И она о нем то же самое:
— Я его боюсь.
Как-то я привез Ахматову к Габричевским. Туда забрел случайный гость и стал расхваливать выставку картин Рериха. Ахматова и Габричевский молчали. Когда этот человек ушел, Анна Андреевна сказала:
— Александр Георгиевич, неужели вам нравится Рерих? По-моему, это немецкий модерн.
— Финский, — поправил Александр Георгиевич.
(Естественно, под словом «модерн» оба подразумевали определенный стиль начала века.)
Летом шестьдесят шестого года я писал в Коктебеле воспоминания об Ахматовой. Когда это было готово вчерне, я показал мемуары Габричевскому. Он отозвался весьма благосклонно и притом добавил, имея в виду Анну Андреевну:
— Это очень хорошо, что она была такая умная.
В шестьдесят пятом году, зимой, я впервые прочел «Четвертую прозу» Мандельштама, пленился ею и собственноручно переписал на машинке. (Как можно было догадаться, одной из причин появления этого шедевра было судебное дело, иск переводчика Горнфельда, который обвинял Мандельштама в плагиате.)
В Коктебеле я показал свой экземпляр «Четвертой прозы» Габричевскому. Она привела его в восторг. При этом я услышал такое:
— Я был свидетелем на суде Мандельштама и Горнфельда. В перерыве между заседаниями Осип Эмильевич повел меня как свидетеля со своей стороны в ближайшее кафе… Пока мы с ним сидели за столиком, он говорил мне почти все то, что здесь написано… Но — поразительное дело — тогда это не произвело на меня ни малейшего впечатления…
Я спросил его:
— А кто там, в этом деле, был прав?
— Горнфельд, конечно, — отвечал Габричевский, — Мандельштам у него все списал…
— Тогда почему же вы выступали со стороны Мандельштама?
— Ну… — Александр Георгиевич замялся. — Мандельштам все-таки поэт, а Горнфельд вообще неизвестно что такое…
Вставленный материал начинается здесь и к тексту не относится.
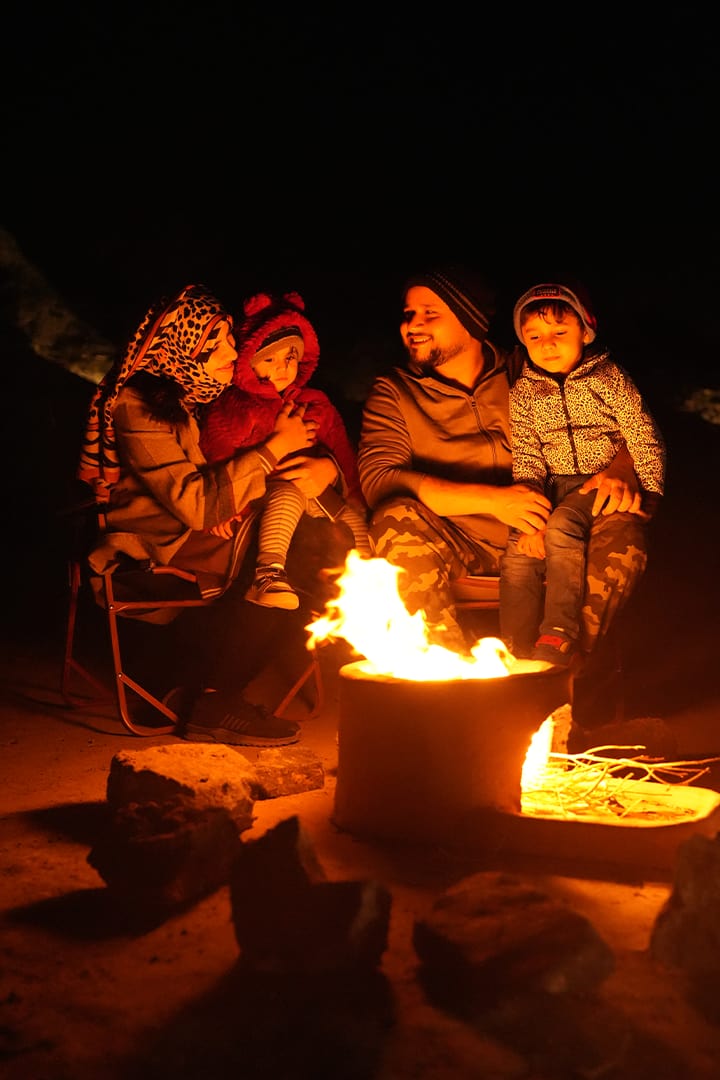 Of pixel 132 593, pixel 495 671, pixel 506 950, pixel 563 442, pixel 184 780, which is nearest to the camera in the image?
pixel 506 950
Мы гуляем по Тепсеню. Я говорю:
— Я люблю стихи с отроческих лет. И вот для самого себя сформулировал, каким образом можно отличить хорошие стихи от плохих. Ну, разумеется, речь идет только о таких образцах, где полноценная рифма, абсолютное владение размером и т. д. В настоящих стихах всегда наличествует напряжение, струна, тетива. Если этого нет, то никакие формальные выкрутасы не помогут… Есть важное свидетельство об этом, которое оставил Мандельштам, его восьмистишие:
Люблю появление ткани,Когда после двух или трех,А то четырех задыханийПридет выпрямительный вдох.И так хорошо мне и тяжко,Когда приближается мигИ вдруг дуговая растяжкаЗвучит в бормотаньях моих.Александр Георгиевич выслушал все и сказал:
— Это же самое и почти такими словами мне говорил Фальк. Он этого добивался в живописи.
С Робертом Рафаиловичем Фальком Габричевский был дружен и его картины ценил очень высоко.